With Russian formal resistance ending, replaced by a revolutionary regime, and revolutionary chaos, France stops wasting itself on futile offensives into Germany. The powers that had been fighting Russia Germany, Austria, Turkey, Japan, eventually Romania and Persia - not formally neutral Britain, stay involved involved in Russia under a new rationale, restoring 'order' in strategic buffer areas and propping up 'buffer states' often demographically dominated by ethnonational minorities.

The British themselves may eventually get involved.
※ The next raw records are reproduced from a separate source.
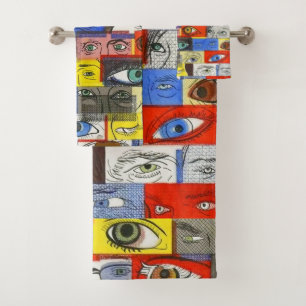 Quirky, Whimsical, Offbeat and Unique Eyeballs Bath Towel Set
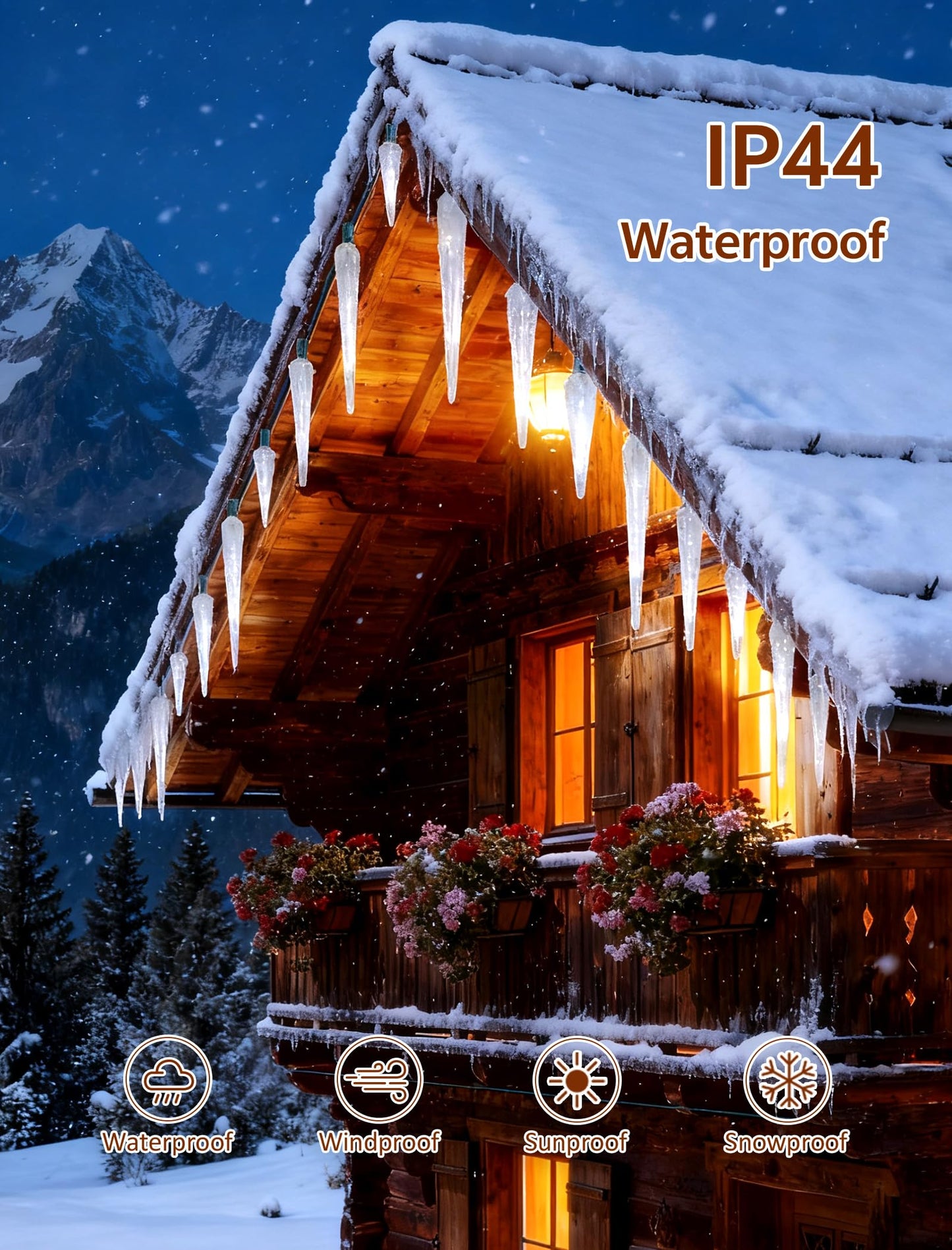 Adirxon Bright LED Christmas Lights Outdoor, 10.5FT 10-Bulb Waterproof Icicle Lights, 10000K Cool White Plug-in String Lights for Roofline, Yard, Party & Holiday Decorations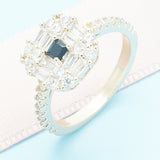 Oro Laminado Multi Stone Ring, Gold Filled Style with Black and White Cubic Zirconia, Polished, Golden Finish
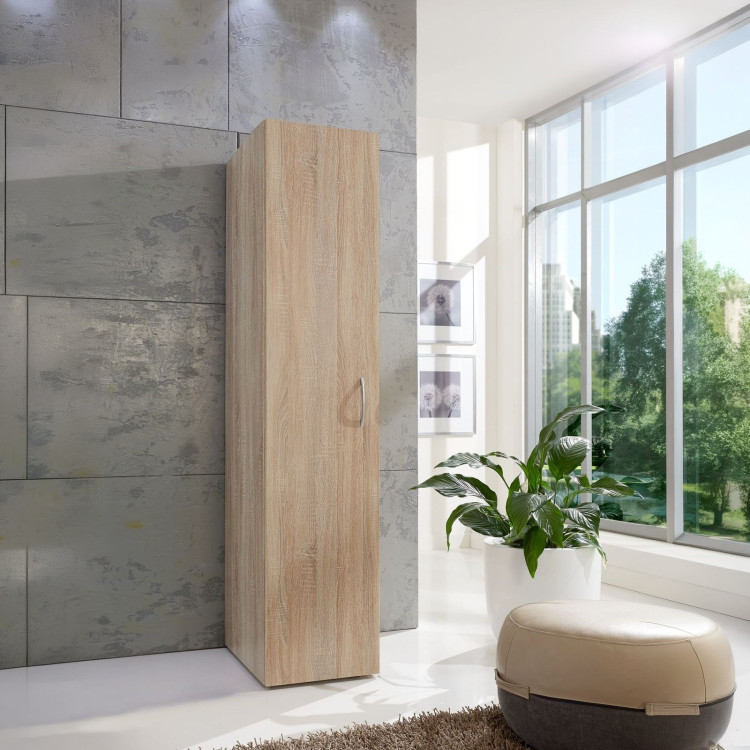 Armoire de buanderie chêne clair 1 porte profondeur 54 cm Jesy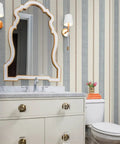 Fresh Printed Modern Striped Vinyl Wallcovering Featuring Subtle Leather Texture Ultra Durable Pastable Wallcover in a bathroom.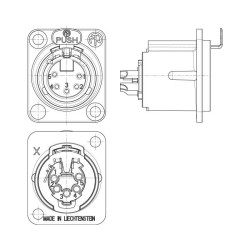 CONECTOR CANON CHASIS 5 PINES NEUTRIK NC5FD-LX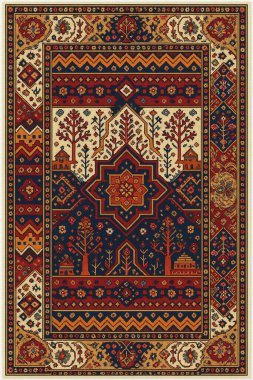 Halk sanatından esinlenilmiş İran halısı modern desenli yüksek çözünürlüklü beyaz tuval üzerinde izole edilmiş renkler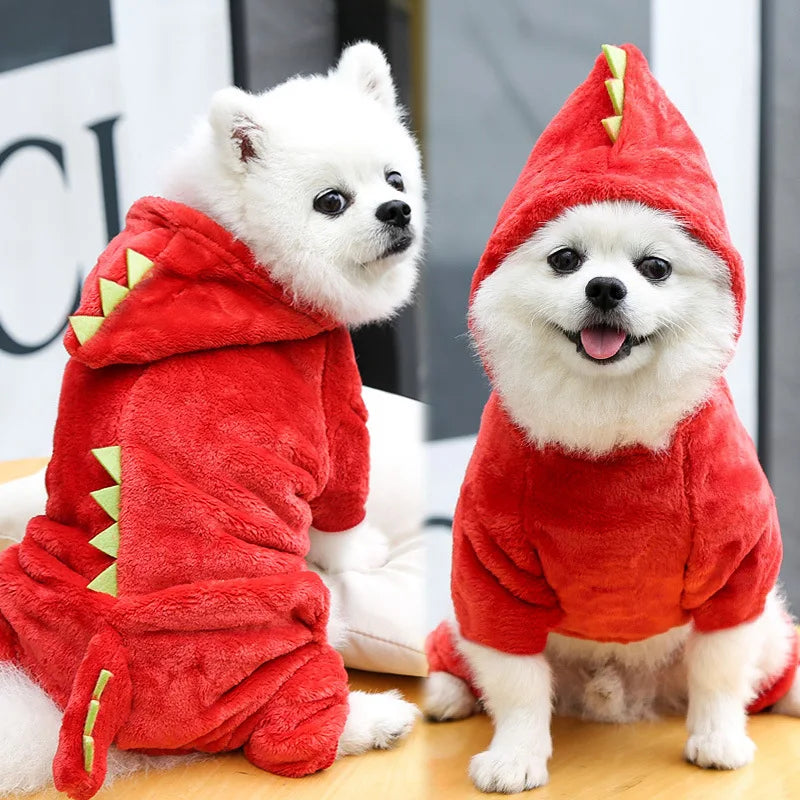 Dinosaur Plush Pet Costume Warm Cat Dog Party Cosplay Clothing Outfit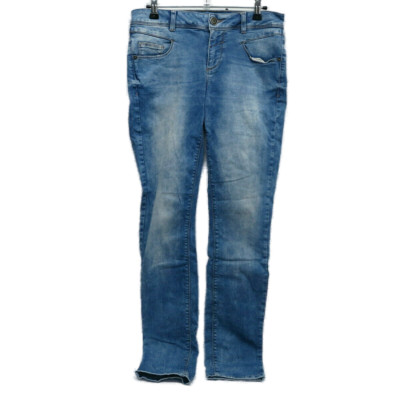 Street One Jeans Damen Used Look  Gr. 26 Kurzgröße Blau Straight-Cut-Jeans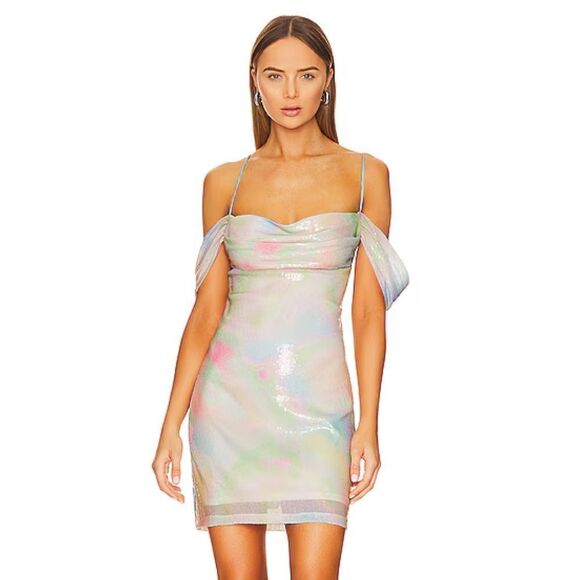 Amanda Uprichard Jacinta Dress Glow pastel sequin strappy mini party Revolve S - Picture 1 of 15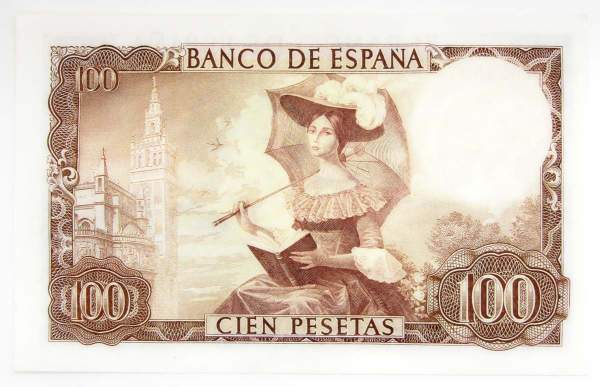 Банкнота 100 песет 1965 года Испания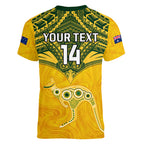 Custom Australia Matildas Women V Neck T Shirt Polynesian Mix Gold Marble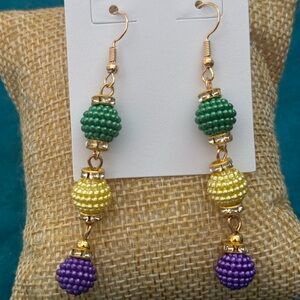 Elegant Beaded Drop Earrings Mardi Gras NEW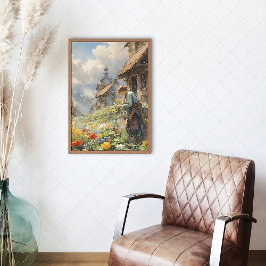 Lienzo Paisaje rural con Chica y flores | Acuarela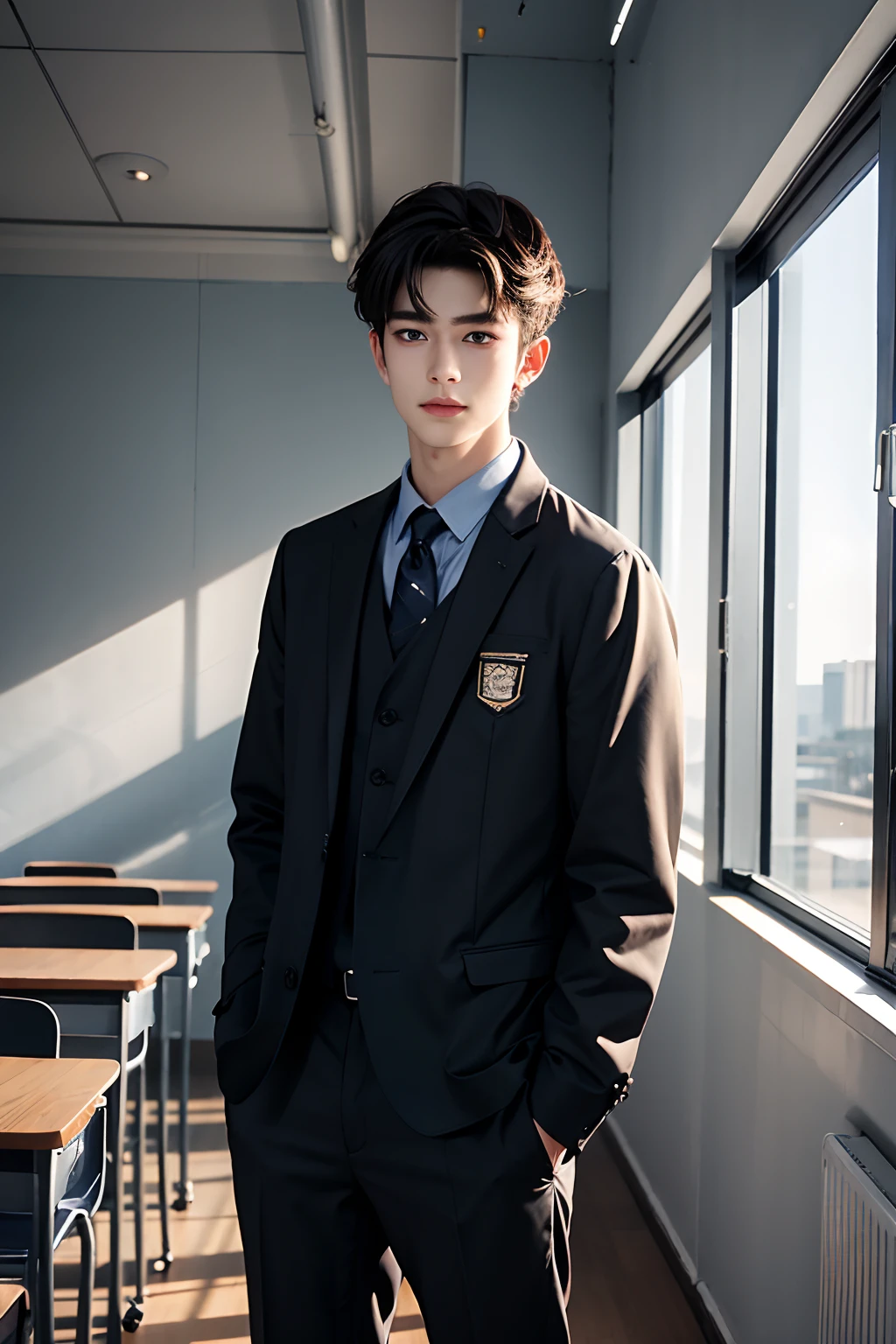 8K,best qualtiy,Masterpiece,1 boy,male people，cool guy，school uniform，Classroom，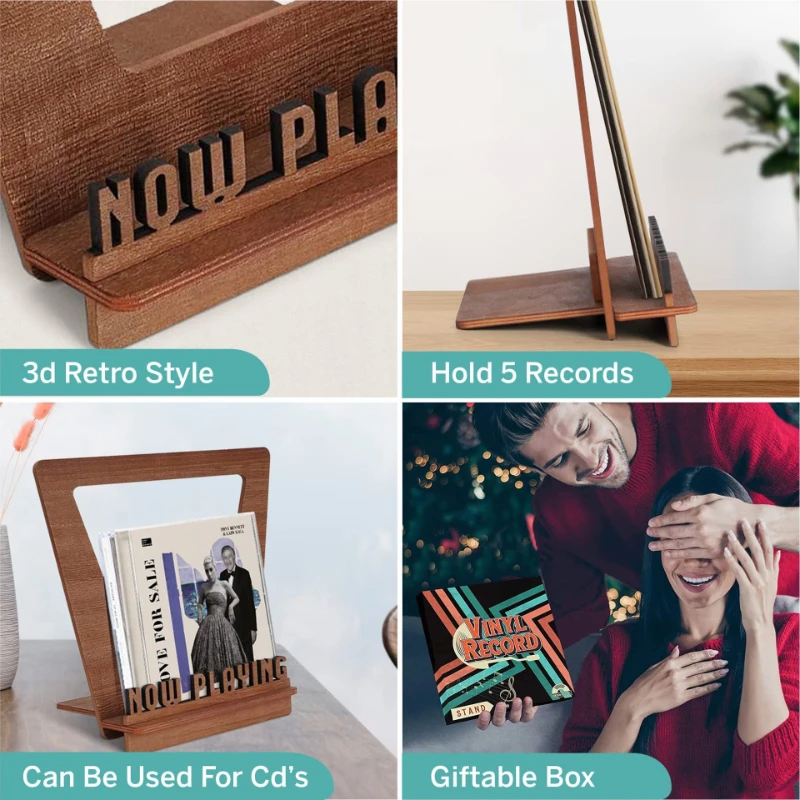 Now Playing Record Holder Wood Record Organizer Album Storage Shelves Holds Up To 5  Long Playing Record For Home Decoration - 3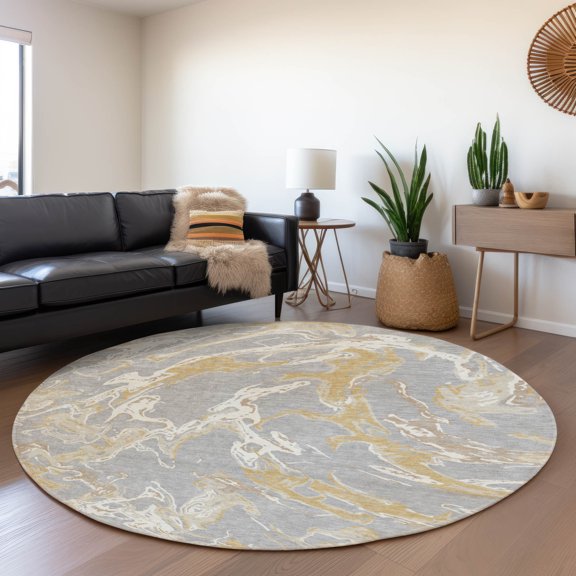 Addison Rugs Mayfield Premium Machine Washable Transitional Abstract Gray Round Rug, 8' x 8'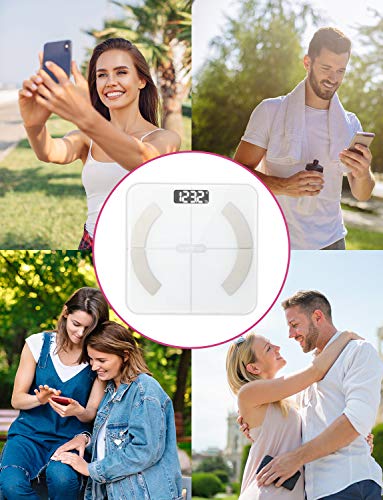 Báscula Grasa Corporal Báscula de Baño Báscula Digital Analizar Más de 13 Funciones, Monitores de Composición Corporal con App para Peso Corporal, Grasa, Agua, IMC, BMR, Masa Muscular (Blanco)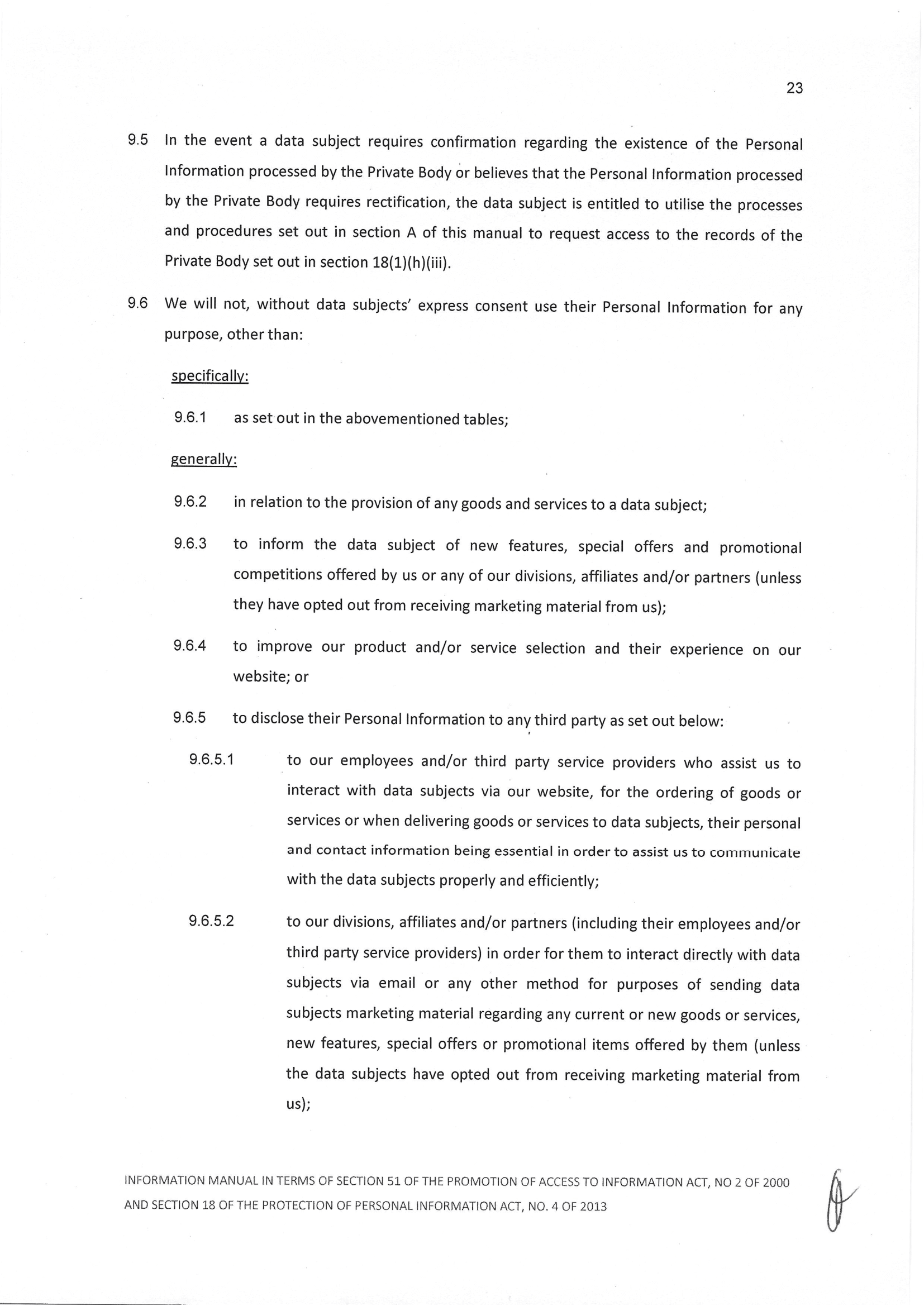 PAIA and POPI information manual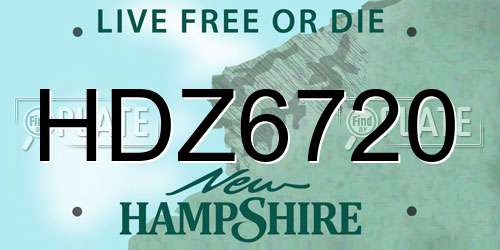 HDZ6720 New Hampshire License Plate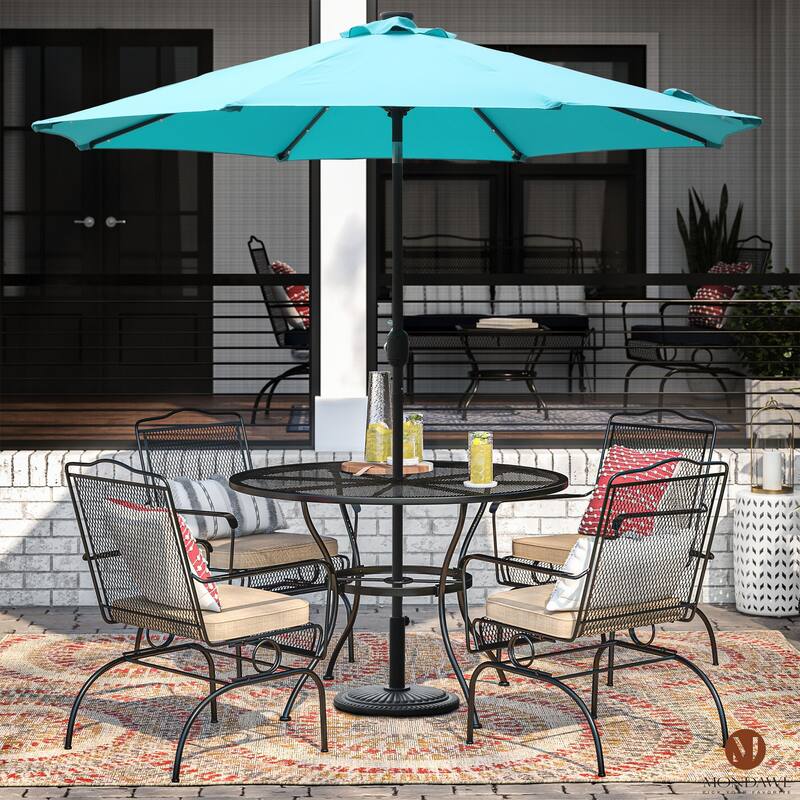 9Ft Patio Market Umbrella with 32 LED Round Solar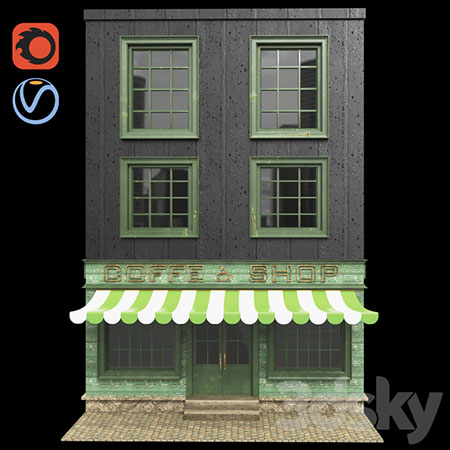 商店店铺咖啡店经典建筑楼房3D模型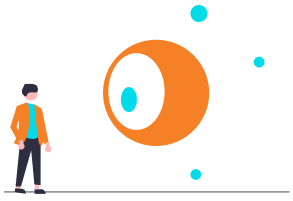 Man in orange and blue standing in front of an orange circle with blue circles around it vector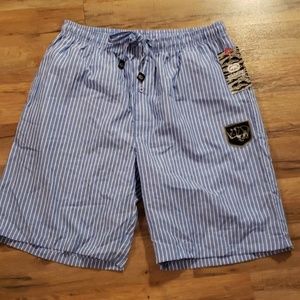 Blue and white striped lounge shorts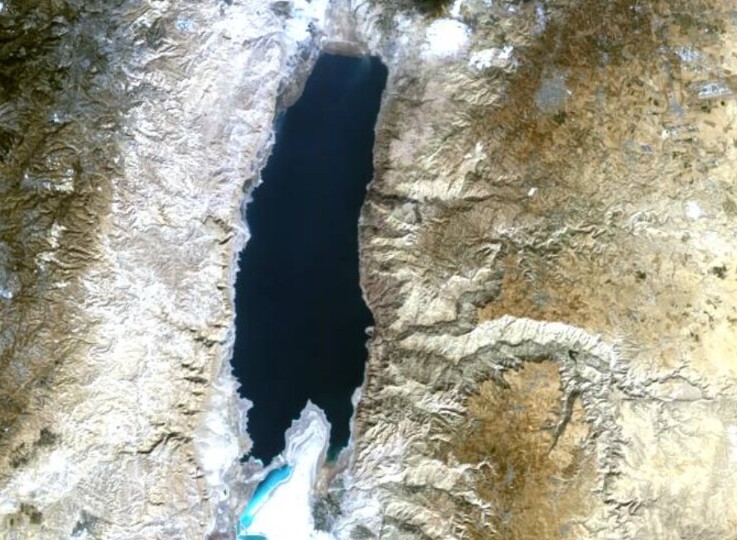 satellite image of Dead Sea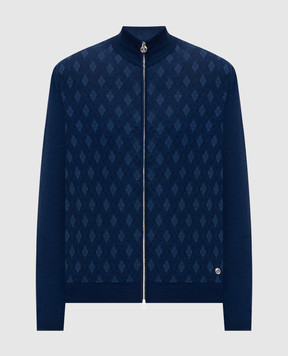 Stefano Ricci Blue cardigan with patterned silk K414017R30F26268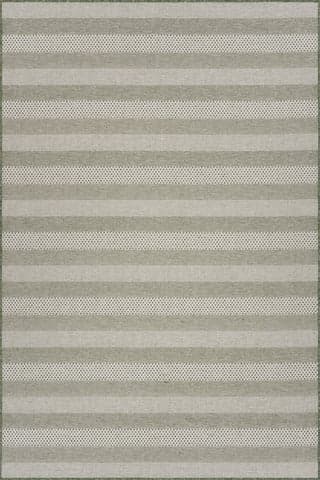 Isolated view of Green Rectangle Marena Modern Striped Indoor/Outdoor Rug, showcasing its design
In the Far East, the Japanese lead a coalition of forces that includes Korean (remember, not yet annexed by anyone), Chinese and Mongol troops that crosses over the Russian border that fights revolutionaries, protects Asian merchants and to one degree or another contests various Russian territorial gainst of the last half century.
With the dramatic crumbling of Russian military power, the Japanese, with some some German and possibly British funding, and possibly augmented by German colonial Askari troops from Tanganyika, provided some bat Diivisions to augment Ottoman advances into the Caucasus and Turkmenistan.

....so that's how you get joint Japanese-Ottoman operations in a scenario.